# UE Cancellation Rate/thanking for tip



## Ms. Mercenary (Jul 24, 2020)

Is there a place on UE where I can see my cancellation rate? Had to cancel a stacked order yesterday as they hid one of the pickup locations and it was a doozie (the one they showed was only marginally better, but the payout was attractive enough if it were just the one iffy location).

I’m also curious to see my “on time” stats, particularly because recently their eta’s were really off.

And finally - is it ok not to thank someone for their tip? I usually thank everyone, if only in sarcasm, but this particular one really pissed me off.


----------



## Disgusted Driver (Jan 9, 2015)

Upper left corner of the app, tap, then tap your picture, to see your stats. 
They don't show on time stats, don't know if they even keep them. 
I don't think anyone seriously cares about the thanks. I do it just because there might be benefit in reinforcing tipping.


----------



## Grubhubflub (Jun 16, 2018)

I no longer send thanks for the tip unless I get at least $5 over the original offer.


----------



## FLKeys (Dec 27, 2018)

Grubhubflub said:


> I no longer send thanks for the tip unless I get at least $5 over the original offer.


Am I reading this right? If you get an offer for $8.00 and complete it and it is $2.00 for the delivery and a $6.00 tip you don't sent a thanks unless they bump the tip up to $11.00 for a total of $13.00?


----------



## Ms.
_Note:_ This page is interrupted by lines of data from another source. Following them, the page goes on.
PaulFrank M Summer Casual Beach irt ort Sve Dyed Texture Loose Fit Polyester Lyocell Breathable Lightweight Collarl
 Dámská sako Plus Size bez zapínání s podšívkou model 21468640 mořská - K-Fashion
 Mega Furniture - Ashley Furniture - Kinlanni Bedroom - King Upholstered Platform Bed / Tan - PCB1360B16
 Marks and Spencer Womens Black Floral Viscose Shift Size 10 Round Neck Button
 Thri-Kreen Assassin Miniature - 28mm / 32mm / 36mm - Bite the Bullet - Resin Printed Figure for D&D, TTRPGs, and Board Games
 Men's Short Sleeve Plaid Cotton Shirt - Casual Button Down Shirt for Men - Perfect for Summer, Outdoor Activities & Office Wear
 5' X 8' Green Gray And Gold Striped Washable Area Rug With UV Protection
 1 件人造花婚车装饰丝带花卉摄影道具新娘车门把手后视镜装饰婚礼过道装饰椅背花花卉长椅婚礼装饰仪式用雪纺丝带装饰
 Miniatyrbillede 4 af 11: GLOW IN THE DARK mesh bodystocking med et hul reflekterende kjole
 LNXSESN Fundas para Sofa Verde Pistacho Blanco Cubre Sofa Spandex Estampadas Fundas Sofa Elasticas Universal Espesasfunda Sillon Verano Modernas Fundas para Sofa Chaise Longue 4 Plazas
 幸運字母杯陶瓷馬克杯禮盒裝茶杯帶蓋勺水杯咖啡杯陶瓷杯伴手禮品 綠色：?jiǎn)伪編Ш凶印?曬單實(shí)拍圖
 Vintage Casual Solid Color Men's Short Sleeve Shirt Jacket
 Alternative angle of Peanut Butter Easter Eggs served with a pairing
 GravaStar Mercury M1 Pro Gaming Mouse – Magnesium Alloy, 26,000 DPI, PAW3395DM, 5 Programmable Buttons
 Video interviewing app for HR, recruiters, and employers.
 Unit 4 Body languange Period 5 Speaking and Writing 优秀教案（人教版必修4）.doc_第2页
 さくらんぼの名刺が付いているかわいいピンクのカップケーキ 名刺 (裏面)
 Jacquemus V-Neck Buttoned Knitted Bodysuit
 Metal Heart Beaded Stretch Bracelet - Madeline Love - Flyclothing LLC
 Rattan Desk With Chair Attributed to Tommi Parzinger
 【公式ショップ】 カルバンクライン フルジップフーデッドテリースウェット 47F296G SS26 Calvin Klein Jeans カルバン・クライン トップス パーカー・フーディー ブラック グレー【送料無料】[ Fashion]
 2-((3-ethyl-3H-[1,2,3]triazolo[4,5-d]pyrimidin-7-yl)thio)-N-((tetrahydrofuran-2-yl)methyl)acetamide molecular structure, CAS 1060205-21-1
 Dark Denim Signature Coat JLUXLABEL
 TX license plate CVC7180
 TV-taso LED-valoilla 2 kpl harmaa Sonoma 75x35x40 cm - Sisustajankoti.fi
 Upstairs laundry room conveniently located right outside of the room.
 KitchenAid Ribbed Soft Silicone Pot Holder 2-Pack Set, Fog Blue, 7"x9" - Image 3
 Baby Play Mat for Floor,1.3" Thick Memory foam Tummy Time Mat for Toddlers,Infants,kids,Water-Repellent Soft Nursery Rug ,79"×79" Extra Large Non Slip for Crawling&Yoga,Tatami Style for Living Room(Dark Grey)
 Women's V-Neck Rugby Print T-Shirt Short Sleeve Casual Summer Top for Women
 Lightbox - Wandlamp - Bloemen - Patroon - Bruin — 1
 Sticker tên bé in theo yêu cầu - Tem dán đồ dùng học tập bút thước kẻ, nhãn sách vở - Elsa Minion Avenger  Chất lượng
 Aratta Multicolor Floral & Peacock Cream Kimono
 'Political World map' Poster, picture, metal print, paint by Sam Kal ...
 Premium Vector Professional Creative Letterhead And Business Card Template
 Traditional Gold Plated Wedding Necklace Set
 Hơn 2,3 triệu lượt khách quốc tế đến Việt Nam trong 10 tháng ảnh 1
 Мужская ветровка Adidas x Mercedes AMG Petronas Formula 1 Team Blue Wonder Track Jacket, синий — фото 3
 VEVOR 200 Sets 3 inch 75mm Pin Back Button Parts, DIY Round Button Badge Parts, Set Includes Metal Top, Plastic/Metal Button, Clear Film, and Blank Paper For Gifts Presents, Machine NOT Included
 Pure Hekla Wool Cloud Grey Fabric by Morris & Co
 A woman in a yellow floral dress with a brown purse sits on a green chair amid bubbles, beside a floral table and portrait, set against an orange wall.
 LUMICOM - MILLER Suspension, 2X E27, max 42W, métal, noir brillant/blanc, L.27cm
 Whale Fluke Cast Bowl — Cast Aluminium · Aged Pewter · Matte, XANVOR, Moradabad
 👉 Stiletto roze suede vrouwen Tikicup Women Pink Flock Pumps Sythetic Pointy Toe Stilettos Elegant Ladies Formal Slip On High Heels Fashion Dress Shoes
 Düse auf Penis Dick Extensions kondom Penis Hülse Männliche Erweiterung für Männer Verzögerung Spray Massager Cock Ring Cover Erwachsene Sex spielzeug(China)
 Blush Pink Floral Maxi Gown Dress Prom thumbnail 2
Mercenary (Jul 24, 2020)

That was my dilema. I _did_ agree to the fare, and I got paid even more than promised, so ordinarily I would happily and eagerly thank the person; but that was because of the other customer in the stack.

I ended up thanking her. For that specific reason: I agreed to the fee. But I made a face while sending the thanks, and said “Thank you, *****!” out loud in a really nasty tone.


----------



## Grubhubflub (Jun 16, 2018)

FLKeys said:


> Am I reading this right? If you get an offer for $8.00 and complete it and it is $2.00 for the delivery and a $6.00 tip you don't sent a thanks unless they bump the tip up to $11.00 for a total of $13.00?


I don't take $8 orders, bro.


----------



## Ms. Mercenary (Jul 24, 2020)

Grubhubflub said:


> I don't take $8 orders, bro.


Send ‘em my way. I take 1-2 mile $8 orders all day. I did, actually, just a few hours ago. Morning deliveries are usually 1-2 miles, around $8-10. I shuttle back and forth between 2 bagel joints and local folks. Love it!


----------



## Uberdriver2710 (Jul 15, 2015)

Ms. Mercenary said:


> Send ‘em my way. I take 1-2 mile $8 orders all day. I did, actually, just a few hours ago. Morning deliveries are usually 1-2 miles, around $8-10. I shuttle back and forth between 2 bagel joints and local folks. Love it!


I need to get on that bagel train!


----------